Taylor Mali,
Conviction
(Words Worth, 2003)

On the page, Taylor Mali's poetry is deceptively simple. In this age, when the callow literary verbosity of many performance poets reigns with a 3-5 page ineloquent sense of superiority -- while schizophrenically attempting to cram itself into the short attention span of the average poetry audience -- Mali's work sits there on half of a folded 8- by 11-inch piece of paper, almost quaint. Stanzas like puppy-dog eyes, line breaks more than reasonable: agreeable. Easy on the eyes, his stuff ... filled with words everyone uses everyday. You almost wonder what the big deal is, why this guy is one of the most lauded performance poets in the country today. You wonder what it is about the characters and ballroom-squared rhythms that populate his work that enables him to live fully off of the means of his poetic labor, and in New York City, no less? What in the typical plain-speak of his oeuvre proves his merit as a poetry slam icon?

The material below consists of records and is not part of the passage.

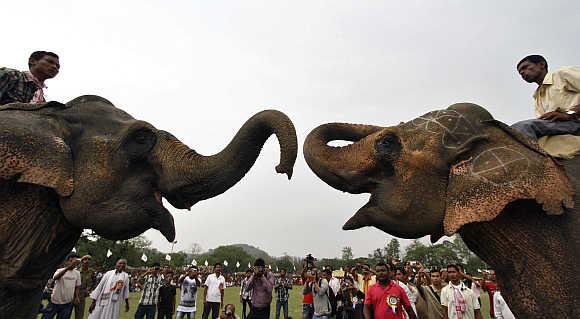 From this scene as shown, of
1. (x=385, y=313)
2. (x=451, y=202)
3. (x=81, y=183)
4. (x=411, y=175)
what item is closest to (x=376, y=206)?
(x=411, y=175)

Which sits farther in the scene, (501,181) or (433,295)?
(433,295)

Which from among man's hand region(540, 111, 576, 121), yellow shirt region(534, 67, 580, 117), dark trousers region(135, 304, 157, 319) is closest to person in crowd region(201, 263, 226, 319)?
dark trousers region(135, 304, 157, 319)

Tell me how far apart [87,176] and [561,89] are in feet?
12.5

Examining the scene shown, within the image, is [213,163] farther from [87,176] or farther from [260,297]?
[260,297]

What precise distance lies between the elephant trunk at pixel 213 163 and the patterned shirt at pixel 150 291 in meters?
9.74

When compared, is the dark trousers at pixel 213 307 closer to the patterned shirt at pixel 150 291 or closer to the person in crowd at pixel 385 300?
the patterned shirt at pixel 150 291

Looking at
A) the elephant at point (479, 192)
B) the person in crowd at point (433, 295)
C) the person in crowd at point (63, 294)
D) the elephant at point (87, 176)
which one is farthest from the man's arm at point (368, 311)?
the person in crowd at point (63, 294)

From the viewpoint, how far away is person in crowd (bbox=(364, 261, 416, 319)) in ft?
23.5

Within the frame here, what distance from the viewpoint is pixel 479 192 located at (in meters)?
2.60

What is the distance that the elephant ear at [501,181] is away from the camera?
2479 millimetres

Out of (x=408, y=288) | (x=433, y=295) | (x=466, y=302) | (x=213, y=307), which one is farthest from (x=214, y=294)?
(x=466, y=302)

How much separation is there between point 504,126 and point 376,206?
1083mm

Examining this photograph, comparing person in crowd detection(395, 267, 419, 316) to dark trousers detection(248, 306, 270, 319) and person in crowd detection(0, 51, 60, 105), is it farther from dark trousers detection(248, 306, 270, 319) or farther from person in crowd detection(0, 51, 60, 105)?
person in crowd detection(0, 51, 60, 105)

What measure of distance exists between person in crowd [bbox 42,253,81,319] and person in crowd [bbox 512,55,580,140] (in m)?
9.86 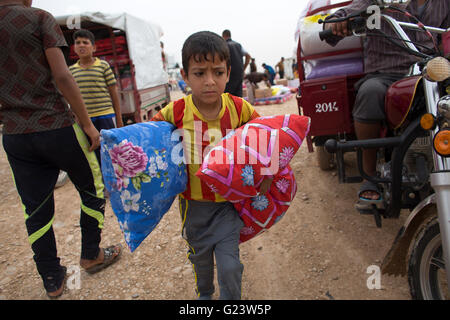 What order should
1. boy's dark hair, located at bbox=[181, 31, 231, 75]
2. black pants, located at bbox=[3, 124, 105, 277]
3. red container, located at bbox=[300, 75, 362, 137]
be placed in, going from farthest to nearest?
1. red container, located at bbox=[300, 75, 362, 137]
2. black pants, located at bbox=[3, 124, 105, 277]
3. boy's dark hair, located at bbox=[181, 31, 231, 75]

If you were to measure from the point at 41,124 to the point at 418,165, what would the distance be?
2474 mm

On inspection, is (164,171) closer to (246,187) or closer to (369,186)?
(246,187)

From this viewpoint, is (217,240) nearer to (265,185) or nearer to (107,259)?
(265,185)

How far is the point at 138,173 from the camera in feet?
4.38

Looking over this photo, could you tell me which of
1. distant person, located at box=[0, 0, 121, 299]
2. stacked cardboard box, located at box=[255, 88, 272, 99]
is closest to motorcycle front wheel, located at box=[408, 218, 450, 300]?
distant person, located at box=[0, 0, 121, 299]

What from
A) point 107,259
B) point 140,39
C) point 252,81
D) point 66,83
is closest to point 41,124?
point 66,83

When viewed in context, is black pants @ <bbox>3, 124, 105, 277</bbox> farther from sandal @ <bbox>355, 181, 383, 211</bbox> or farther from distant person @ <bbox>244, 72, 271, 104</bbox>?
distant person @ <bbox>244, 72, 271, 104</bbox>

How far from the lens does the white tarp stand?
5.40m

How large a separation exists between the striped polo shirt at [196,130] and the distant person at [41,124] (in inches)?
35.9

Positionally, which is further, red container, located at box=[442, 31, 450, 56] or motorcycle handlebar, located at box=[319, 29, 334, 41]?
motorcycle handlebar, located at box=[319, 29, 334, 41]

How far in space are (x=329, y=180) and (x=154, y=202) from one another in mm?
2777

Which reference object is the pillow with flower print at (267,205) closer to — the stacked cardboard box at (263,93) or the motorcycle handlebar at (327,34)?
the motorcycle handlebar at (327,34)

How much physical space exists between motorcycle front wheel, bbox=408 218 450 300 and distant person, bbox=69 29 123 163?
305 centimetres

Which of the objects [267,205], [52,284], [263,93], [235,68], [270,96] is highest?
[235,68]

On the page? Not much. The work sits there, stoic and neat; whole-number addition homework waiting to graduate to multiplication. Give the man a microphone, however, and you're in for some very tricky and magical geometry.

It is on the microphone that Mali's deft and sly skill with language takes flight, his sofa-comfy ease with the language of engagement drawing you in with every comedy of errors from the tales of stymied students of his teaching years ("Like Lilly Like Wilson," "Seventh-Grade Viking Warrior"), as well as his admonishments of paint-by-number poets ("I Could Be a Poet," "How To Write a Political Poem"). Mali's work picks up all of its complexity in performance, and make no mistake: Mali is one of the best performance poets on the road, bar none. There are few performing poets who approach the stage with as much confidence and consistency as Taylor Mali, and not simply because he's performed the poems so many times that he can likely recite them sans tongue. There is a fecundity of warmth and ideas in his carriage, his voice, and the stories of his poems. While many of his performing contemporaries have sought to compact more and more words in an attempt to bludgeon audiences with their wealth of vocabulary, Mali's work consistently wins because it is allowed to breathe. The brevity of the compositions on paper allows him to bend the performance and tone of his poems at will, and allows the audience to savor the journey, as opposed to the typical rat race many of his peers subject already wary audiences to. Mali understands that the lasting impression comes more fully from the tale, from the sinking-in of the idea and point, and less so from the pyrotechnics and oft-copied ranting of poets whose work could, as a rule, stand to use a stiff edit. Much of his most winning work -- "I Could Be a Poet," "Playing Scrabble With Eddie" and most notably "The The Impotence of Proofreading" -- hits the target squarely in this respect. The work contained on Conviction seeks to strip away all of the political and academic baggage that the listener brings to the tales and missions of the work, leaving one's sense of wonder receptive and hanging on every pause and direction. You know that some truth, some grand life point is there, and Mali wants you to walk away with that, not the top hat and rabbits.

Finally, one of the things that stand out in this collection is the number of duets, trios, team pieces and covered versions of his work by other poets offered. With these rarely performed (and even more rarely recorded) instances of artistic camaraderie with compatriots Beau Sia, Celena Glenn, George McKibbens, Shappy, Noel Jones, John S. Hall, Roger Bonair-Agard and Reggie Cabico, the CD acts as more than an introduction to the new listener, but as a photo album of Mali's journey to the top of the performance poetry pile. You end up with what could have as easily been billed as not only the "Best of Taylor Mali" but also the "Essential Taylor Mali." For the codification of that journey alone, we should all be grateful.